___ MATERIAL PROVIDED ___

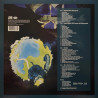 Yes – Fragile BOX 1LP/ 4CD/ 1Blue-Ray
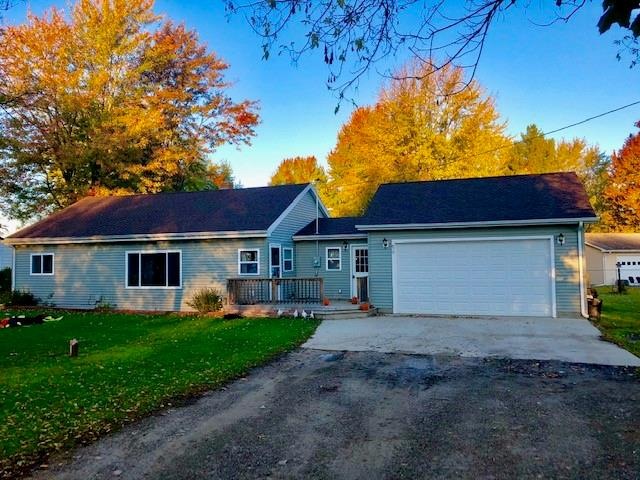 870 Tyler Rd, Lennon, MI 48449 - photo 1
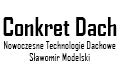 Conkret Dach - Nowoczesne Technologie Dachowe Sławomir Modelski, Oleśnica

___
___ MATERIAL PROVIDED ___

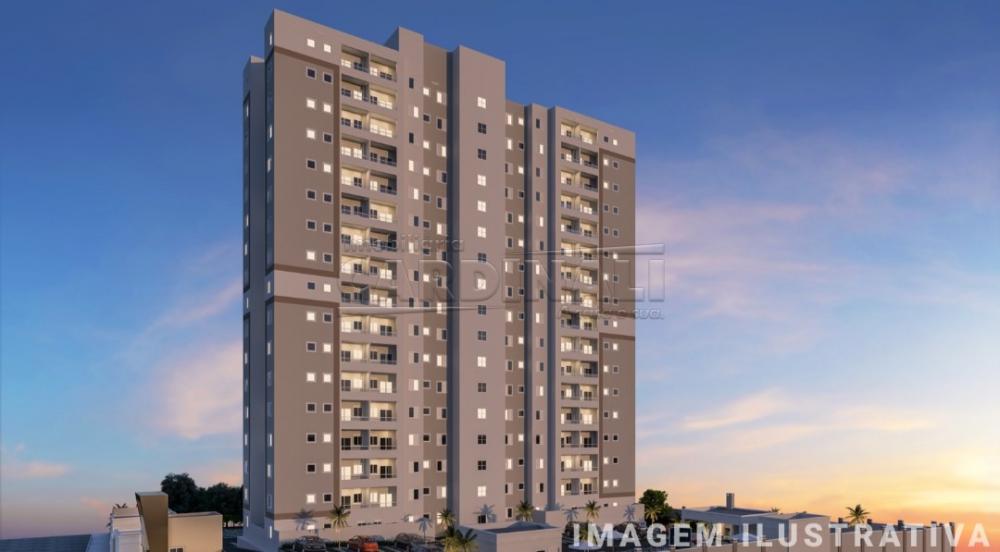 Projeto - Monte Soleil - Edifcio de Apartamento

___
___ MATERIAL PROVIDED ___

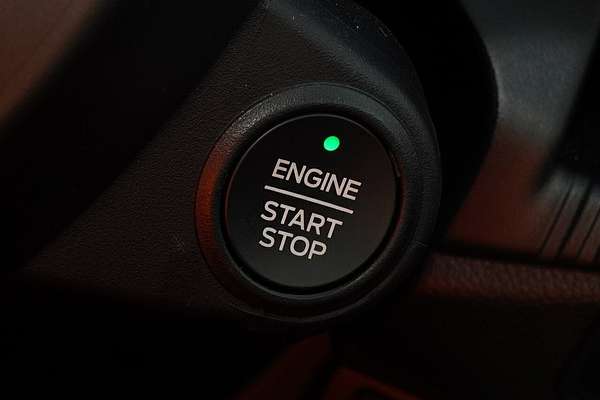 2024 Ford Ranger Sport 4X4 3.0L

___

**DESCRIPTION OF THE TASK**
Look through the listing above for the line with "Yes – Fragile BOX 1LP/ 4CD/ 1Blue-Ray" and the line with "Conkret Dach - Nowoczesne". Write out exactly those lines and everything between, leaving out pictures.

**EXERCISE RESULT**
 Yes – Fragile BOX 1LP/ 4CD/ 1Blue-Ray
 870 Tyler Rd, Lennon, MI 48449 - photo 1
 Conkret Dach - Nowoczesne Technologie Dachowe Sławomir Modelski, Oleśnica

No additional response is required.